A few days ago, Evan Hubinger suggested creating a mesa optimizer for empirical study. The aim of this post is to propose a minimal environment for creating a mesa optimizer, which should allow a compelling demonstration of pseudo alignment. As a bonus, the scheme also shares a nice analogy with human evolution.
An agent will play on a maze-like grid, with walls that prohibit movement. There are two important strategic components to this game: keys, and chests.
If the agent moves into a tile containing a key, it automatically picks up that key, moving it into the agent’s unbounded inventory. Moving into any tile containing a chest will be equivalent to an attempt to open that chest. Any key can open any chest, after which both the key and chest are expired. The agent is rewarded every time it successfully opens a chest. Nothing happens if it moves into a chest tile without a key, and the chest does not prohibit the agent’s movement. The agent is therefore trained to open as many chests as possible during an episode. The map may look like this:
In order for the agent to exhibit the undesirable properties of mesa optimization, we must train it in a certain version of the above environment to make those properties emerge naturally. Specifically, in my version, we limit the ratio of keys to chests so that there is an abundance of chests compared to keys. Therefore, the environment may look like this instead:
The hope is that while training, the agent picks up a simple pseudo objective: collect as many keys as possible. Since chests are abundant, it shouldn’t need to expend much energy seeking them, as it will nearly always run into one while traveling to the next key. Note that we can limit the number of steps during a training episode so that it almost never runs out of keys during training.

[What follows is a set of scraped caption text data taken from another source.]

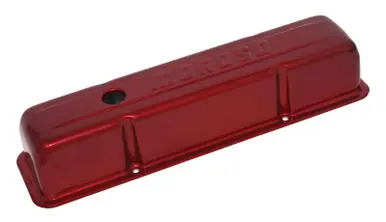 Hot Picks Moroso Chevrolet Small Block Valve Cover - Red Powder Coat - Single - 68006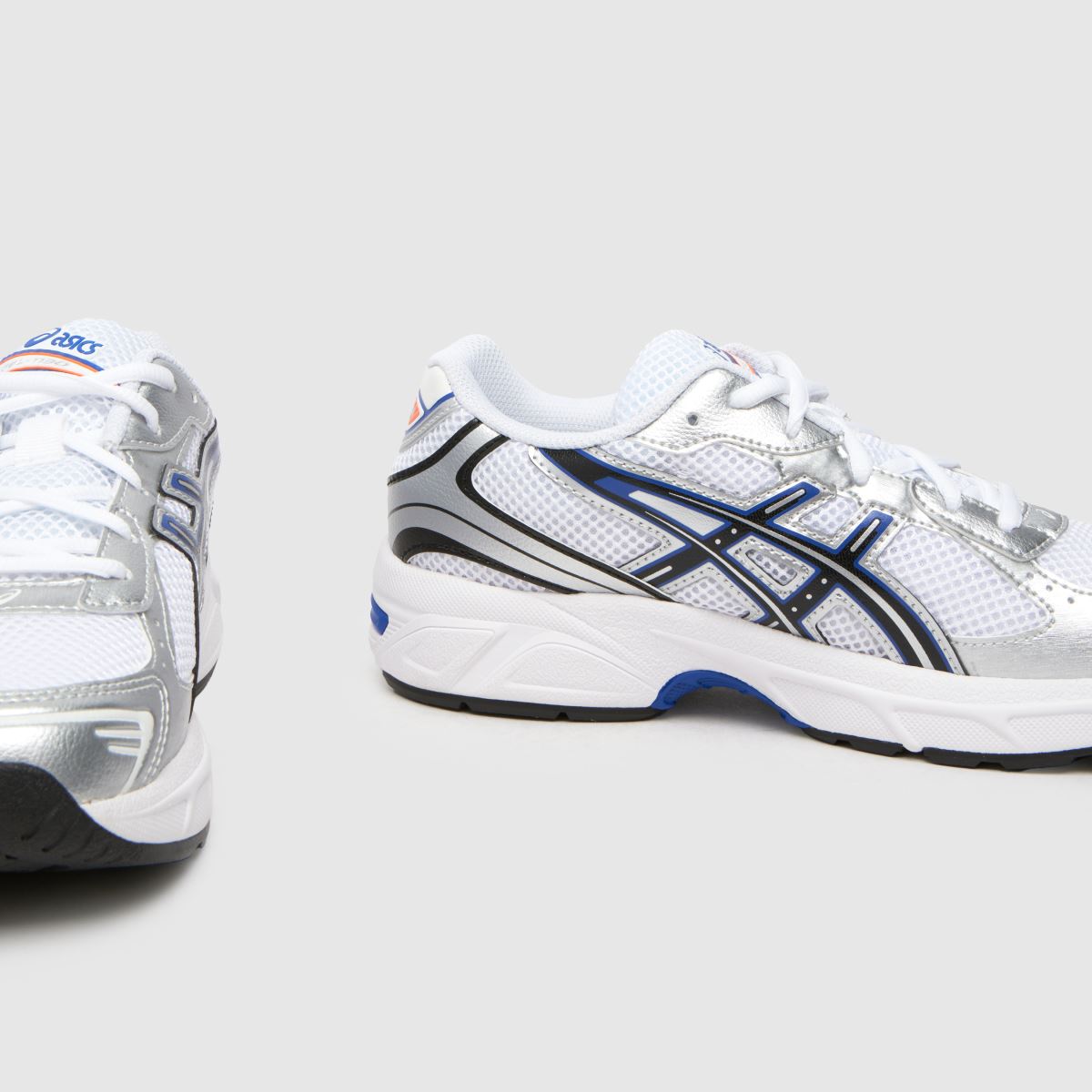 ASICS vita & flerfärgade blå gel-1130 ungdomsskor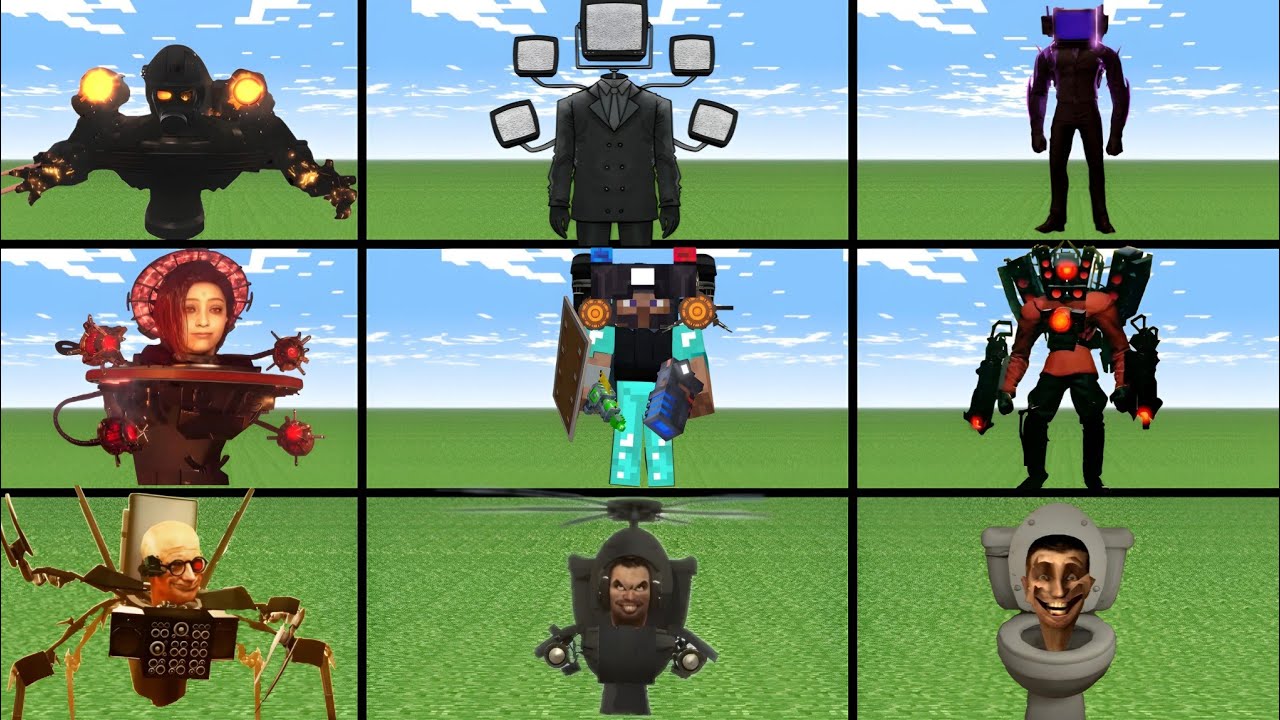 Skibidi Toilet By GOJI DRAW ADDON In Minecraft pe 🤕😬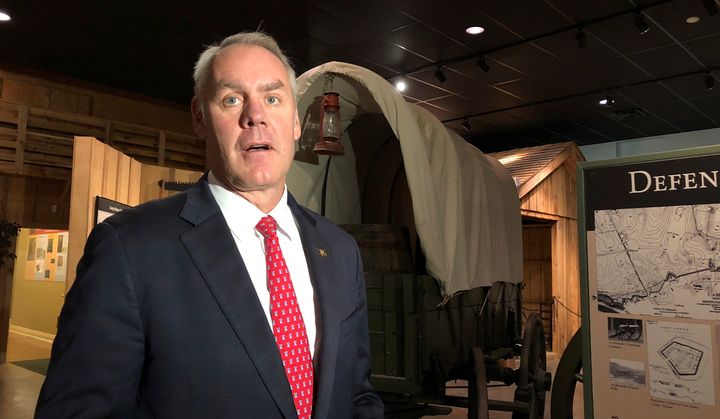 Interior Secretary Ryan Zinke put his foot in it again, this time at a ceremony designating a training depot for black Union soldiers as a national monument.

When taken off the training distribution, we can run this scenario in reverse. Instead of testing it in an environment with few keys and lots of chests, we can test it in an environment with few chests and many keys. Therefore, when pursuing the pseudo objective, it will spend all its time collecting keys without getting any reward.
Testing for mesa misalignment
In order to show that the mesa optimizer is competent but misaligned we can put the agent in a maze-like environment much larger than any it was trained for. Then, we can provide it an abundance of keys relative to chests. If it can navigate the large maze and collect many keys comfortably while nonetheless opening few or no chests, then it has experienced a malign failure.
We can make this evidence for pseudo alignment even stronger by comparing the trained agent to two that we hard-code: one agent that pursues the optimal policy for collecting keys, and one agent that pursues the optimal policy for opening as many chests as possible. Qualitatively, if the trained agent is more similar to the first agent than the second, then we should be confident that it has picked up the pseudo objective.
The analogy with human evolution
In the ancestral environment, calories were scarce. In our modern day world they are no longer scarce, yet we still crave them, sometimes to the point where it harms our reproductive capability. This is similar to how the agent will continue pursuing keys even if it is not using them to open any chests.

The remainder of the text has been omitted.